The state of Wisconsin has become the latest to change the rules on domestic partner benefits, with a new statute, Wis. Stat. § 66.0510, prohibiting all municipalities, counties and school districts from offering employee benefit plan coverage to domestic partners of employees as of January 1, 2018.
The National Law Review reports that in the debates surrounding the statute’s passage, the legislature argued that the state’s recent legalization of same-sex marriage eliminated the need for government employers to offer benefit plans that cover domestic partners.
An earlier report from the International Foundation of Employee Benefit Plans found that from 2014 to 2016, the percentage of employers providing benefits to same-sex partners in legally recognized civil unions fell from 51 percent to 31 percent. The report says that most states that previously registered civil unions stopped doing so after the U.S. Supreme Court’s ruling on same-sex marriage, although not all couples with civil unions have married.

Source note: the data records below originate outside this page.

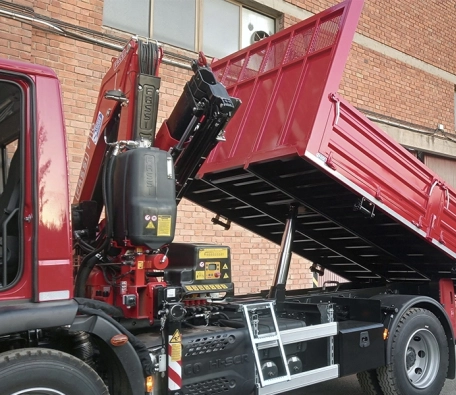 Fassi F110B.0.23 + tipper delivery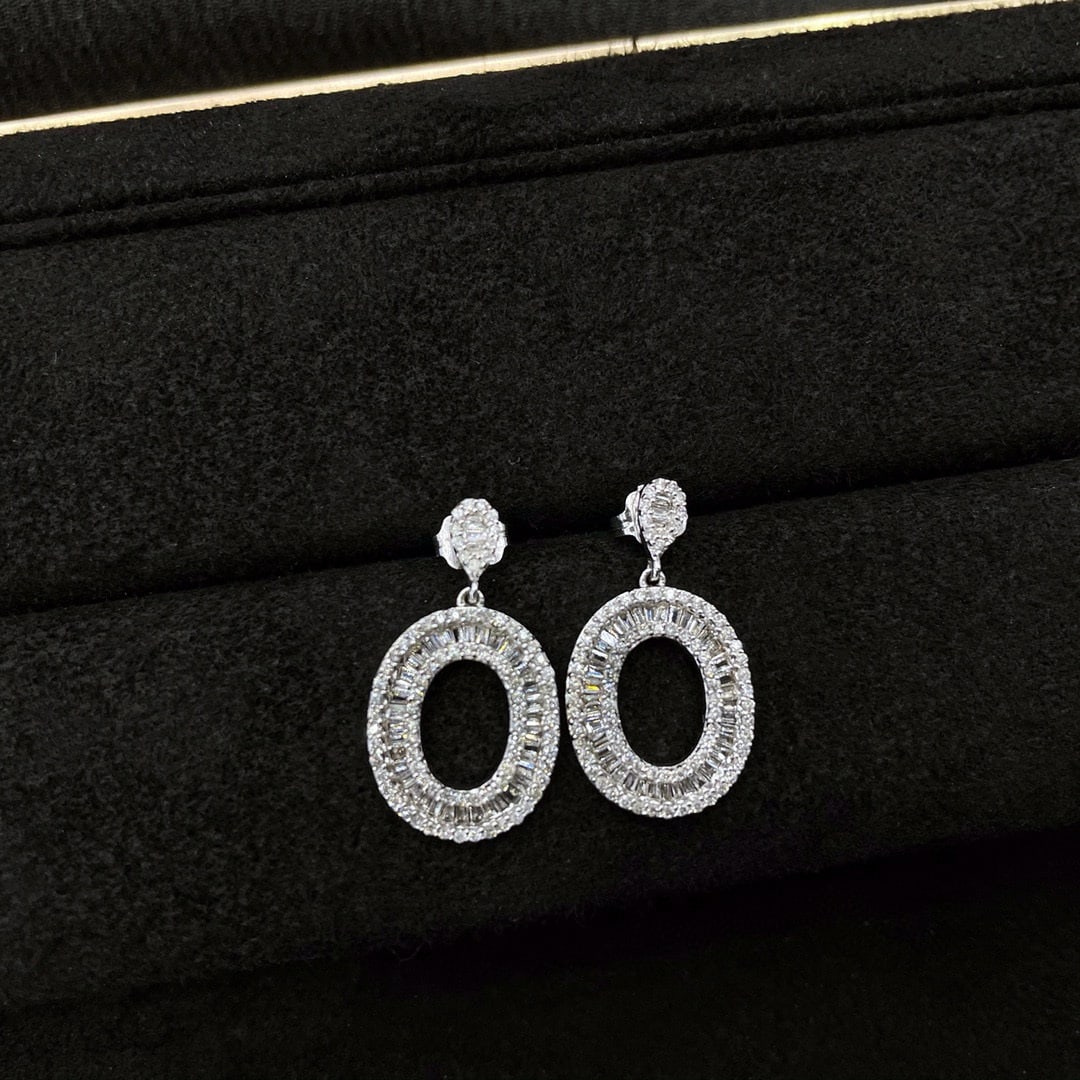14k Gold 0.83 Ctw Natural H Diamond Earrings: Ref:230983071 // gold content:14k gold // main gemstone:diamond // shape:baguette // carat weight:0. 39ct // clarity grade:vs-si // color:h // treatment:natural // // adjacent gemstone 2 : diamond //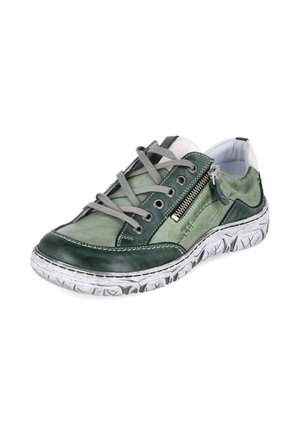 Grüner Sneaker mit niedrigem Schaft, grauen Schnürsenkeln, seitlichem Reißverschluss, weißem, gepolstertem Kragen und strukturierter weißer Sohle mit schwarzen Details.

Under the old law in Wisconsin, domestic partners were offered the state group health insurance program; the state group life insurance program; duty disability benefits; and the deferred compensation program. Under the new law, as of January 1, 2018, municipalities, counties and school districts are only permitted to offer such employee benefit plans to their employees, and the spouses and dependent children of such employees.

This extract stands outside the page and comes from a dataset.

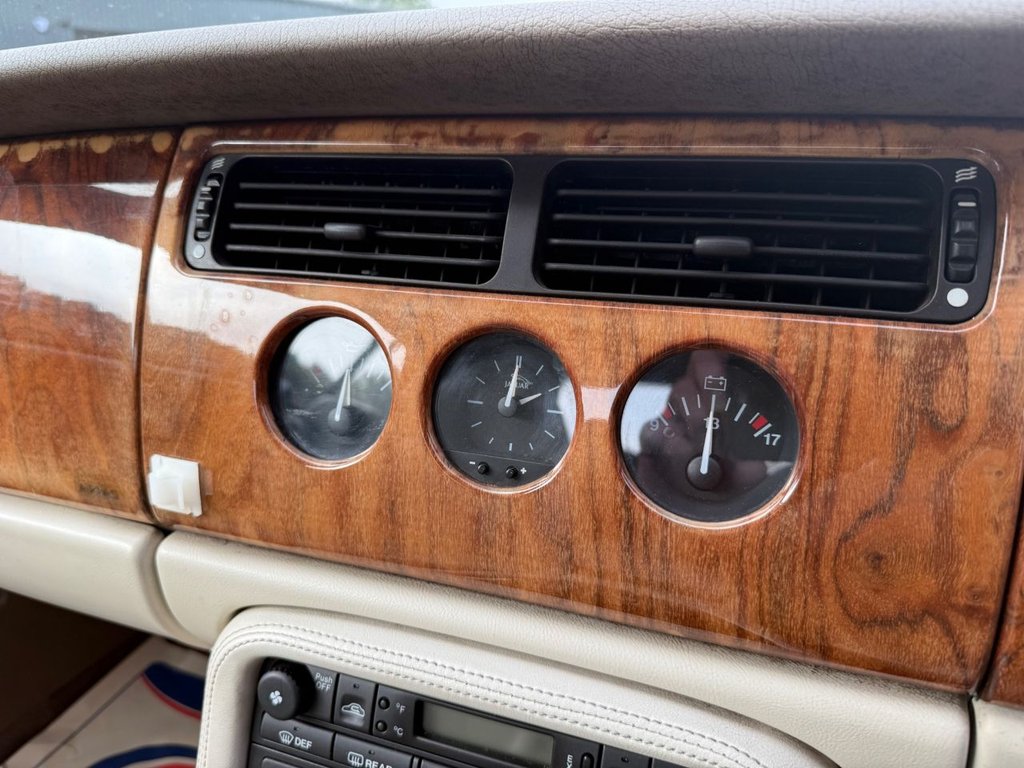 Used Jaguar XKR 1998 for sale - 76509674: Photo 31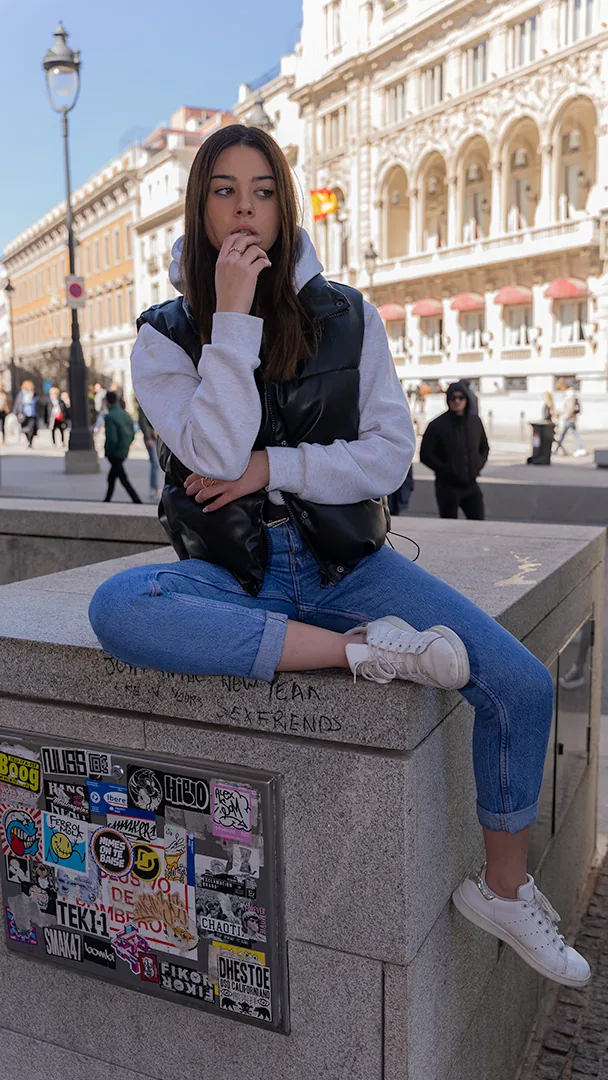Sesión de moda urbana femenina en Madrid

The new law also, according to the report, “precludes survivors whose domestic partner died while employed by a municipality, county or school district from collecting survivor benefits, except that the law includes a carve out for all surviving domestic partners of protective occupation employees receiving duty disability benefits such that those domestic partners may continue to collect the duty disability benefits until they remarry as long as: (1) the domestic partner was in a domestic partnership with the deceased protective occupation employee as of the date the employee became disabled; and (2) the disability occurred before January 1, 2018.”
The new law will not apply to employees subject to an existing collective bargaining agreement, or to another type of contract that contains language incompatible with the new law—until the current agreement or contract is modified, expires, terminates, or renews, whichever occurs first.